* Given data
◇ ◇ ◇ ◇ ◇ ◇ ◇
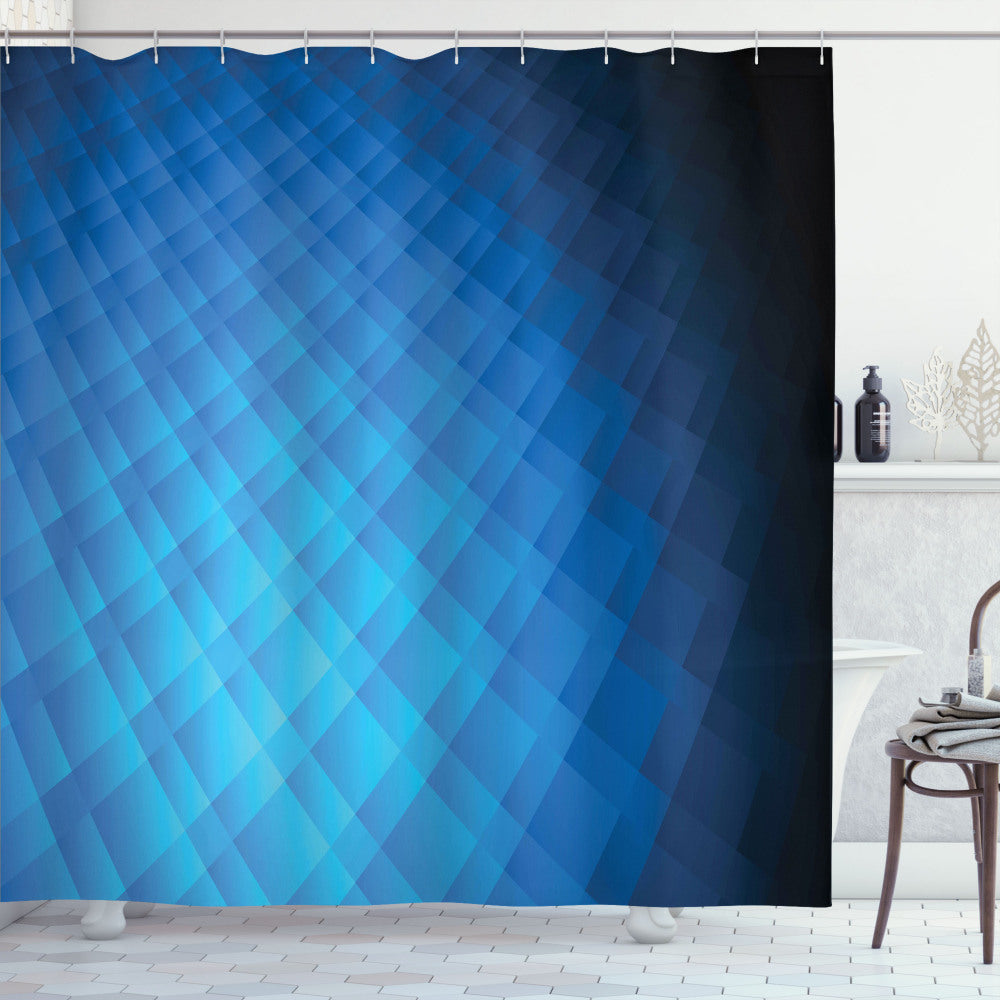 Blue Ombre Geometric Square Shower Curtain with Vibrant Shades: Sky Blue, Cobalt Blue, and Night Blue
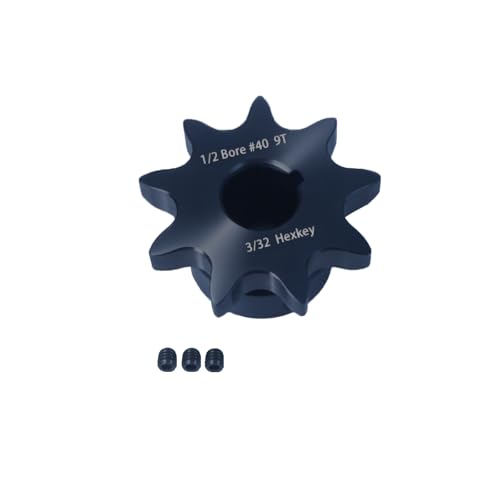 Image of #40 Roller Chain Sprocket,Type B,with 1 /2 inch Bore Diameter and 9 Tooth,Made of AISI 1045 Medium Carbon Steel、Rust-Resistant、Hardened Teeth、Precision CNC Machined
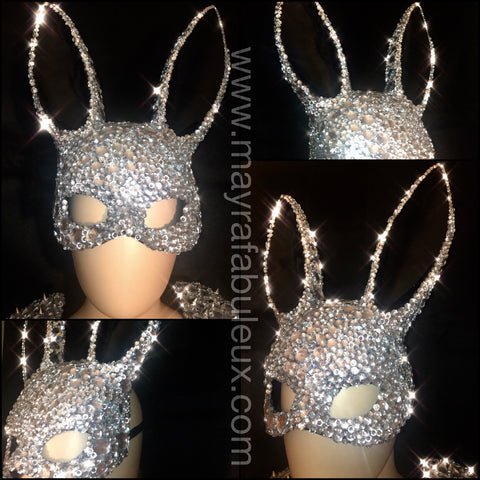 Bunny Ears Crystal Rhinestoned Mask- Halloween Costume
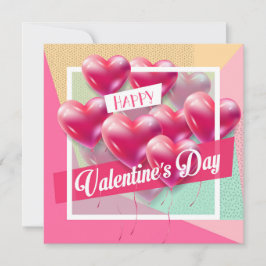 Tarjeta Festiva Feliz Día de San Valentín, encantador saludo de mo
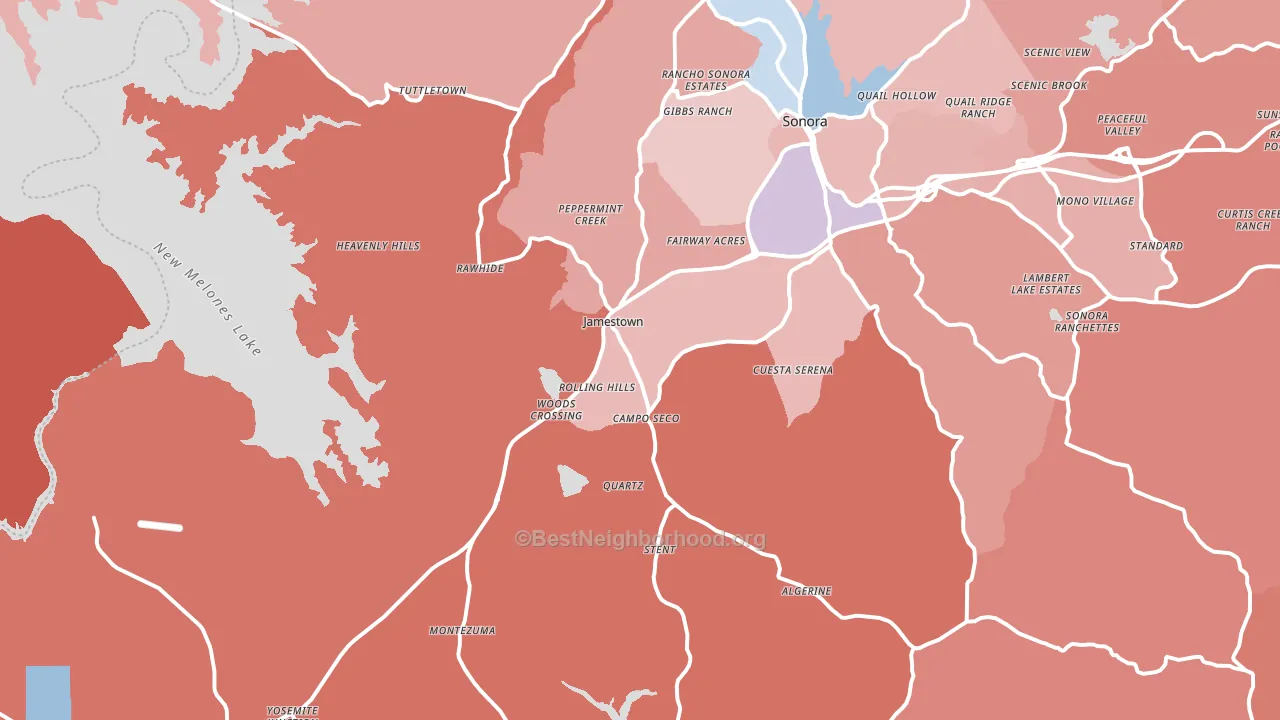 Jamestown, CA block-group political-lean map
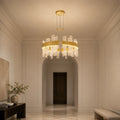 Guadiana Integrated LED 32in Satin Gold Chandelier with Handcrafted Glass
◇ ◇ ◇ ◇ ◇ ◇ ◇
* Exercise aim
The material above must be reproduced line for line, with the images omitted.

* Result below
 Blue Ombre Geometric Square Shower Curtain with Vibrant Shades: Sky Blue, Cobalt Blue, and Night Blue
 Image of #40 Roller Chain Sprocket,Type B,with 1 /2 inch Bore Diameter and 9 Tooth,Made of AISI 1045 Medium Carbon Steel、Rust-Resistant、Hardened Teeth、Precision CNC Machined
 Bunny Ears Crystal Rhinestoned Mask- Halloween Costume
 Tarjeta Festiva Feliz Día de San Valentín, encantador saludo de mo
 Jamestown, CA block-group political-lean map
 Guadiana Integrated LED 32in Satin Gold Chandelier with Handcrafted Glass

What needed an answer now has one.